Material for this exercise >>
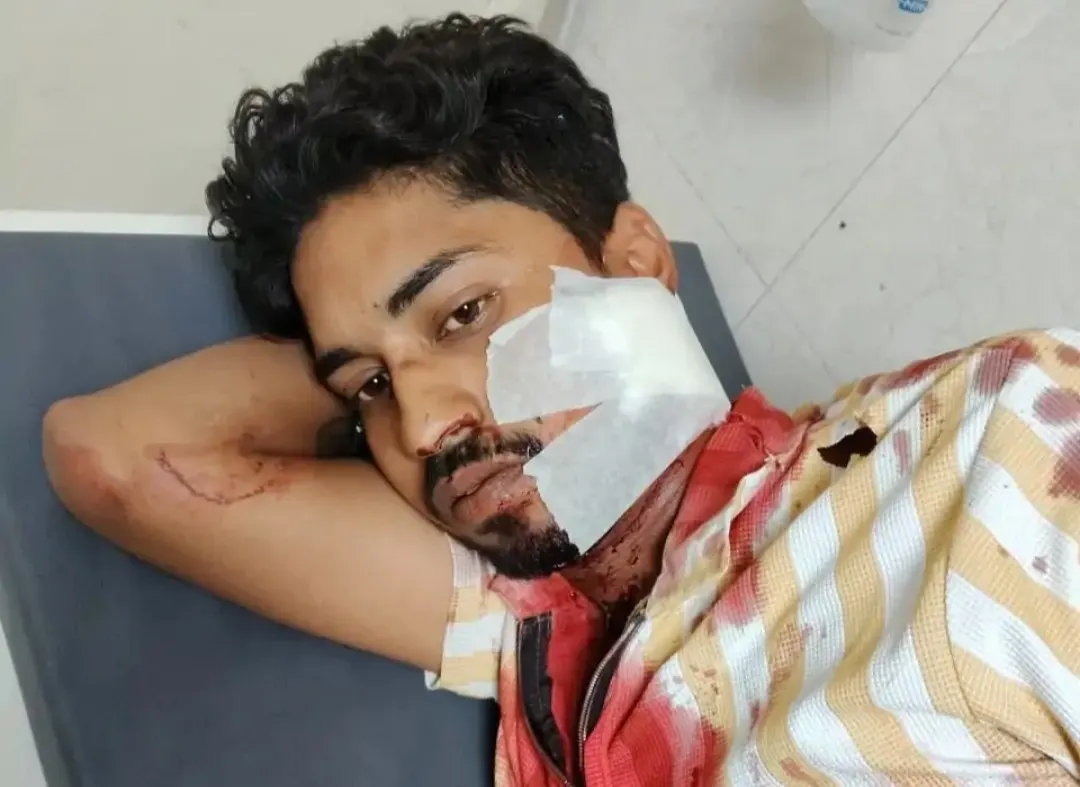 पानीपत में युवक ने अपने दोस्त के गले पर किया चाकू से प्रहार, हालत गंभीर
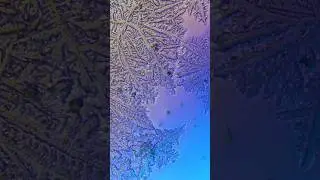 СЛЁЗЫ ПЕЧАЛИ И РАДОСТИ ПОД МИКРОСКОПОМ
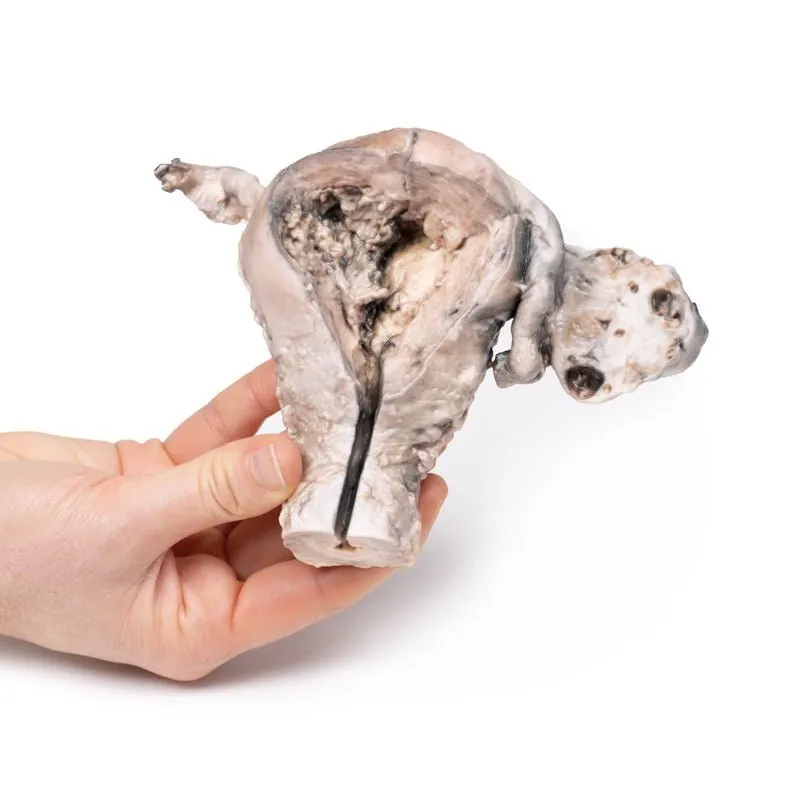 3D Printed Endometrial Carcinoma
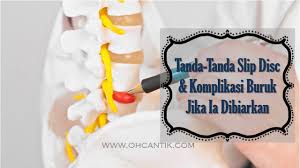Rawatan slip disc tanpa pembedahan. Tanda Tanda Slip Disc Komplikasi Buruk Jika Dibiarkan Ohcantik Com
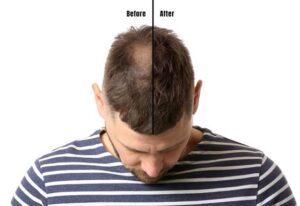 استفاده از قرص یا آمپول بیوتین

Activity >> All the lines above are to be reproduced exactly, except the pictures.

Solution to this task >>
 पानीपत में युवक ने अपने दोस्त के गले पर किया चाकू से प्रहार, हालत गंभीर
 СЛЁЗЫ ПЕЧАЛИ И РАДОСТИ ПОД МИКРОСКОПОМ
 3D Printed Endometrial Carcinoma
Rawatan slip disc tanpa pembedahan. Tanda Tanda Slip Disc Komplikasi Buruk Jika Dibiarkan Ohcantik Com
 استفاده از قرص یا آمپول بیوتین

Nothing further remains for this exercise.